He takes the pills and settles again. I gather his used mugs, making room on the nightstand, and return to the kitchen to finish the ramen. When I stick my head back in his room, Jamie is turned away from the door.

As I move quietly to the nightstand and set the bowl there, he rolls over, watching me.

“What are you doing?” he murmurs, sitting up.

“You need to eat something. Don’t look so suspicious; it’s just ramen.” I push the bowl into his hands. “You act like no one’s ever taken care of you before.”

He goes still, his gaze dropping. He takes a slow bite.

I frown, sitting gingerly on the edge of his bed. “When’s the last time you were sick?”

He shrugs, drinking broth from the side of the bowl. Then he groans, setting the bowl aside and sliding down in bed again.

I put my palm to his forehead to check if he feels any cooler, and Jamie’s eyes fly open, his hand going to my wrist.

“Sorry. I was just checking your fever.”

He doesn’t let go. “A long time.”

“What?”

“Since someone took care of me.” He closes his eyes, hand still gripping my wrist. “It’s been a while. Maybe… before my mom left. But I can’t really remember.”
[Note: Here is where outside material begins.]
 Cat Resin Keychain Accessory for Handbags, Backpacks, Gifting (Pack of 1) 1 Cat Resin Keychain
My stomach lurches at the mention of his mom.

Jamie has never talked about her in front of me.

What I do know, I’ve only gathered through snippets caught while eavesdropping on him and Sawyer, and things my parents said when they thought I wasn’t listening.
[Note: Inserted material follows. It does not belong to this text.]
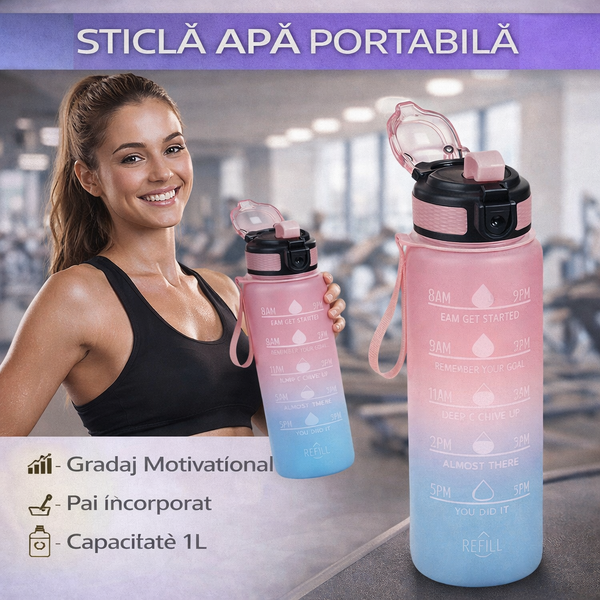Sticla portabila de apa, Pai incorporat, Ergonomica, Gradata Motivational, Maner practic, Deschidere larga, 1L, Multicolor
That his mom cheated on his dad and ran off with another man, settled in Las Vegas, and was so behind on child support that his dad would’ve had a good case to take her to court if she’d had anything to give up, but she didn’t.

Just like Ian, Mom said once, never failing to find a way to bring my dad into it. A deadbeat.

I frown, putting my free hand over Jamie’s. “Well, now it’s me.”

He searches my face, his gaze so soft, I can barely meet his eyes. “No cost?”

I shouldn’t stay. After the other night, we need a clear boundary between us, one we’re less willing to cross. But he’s letting his guard down for a second, and…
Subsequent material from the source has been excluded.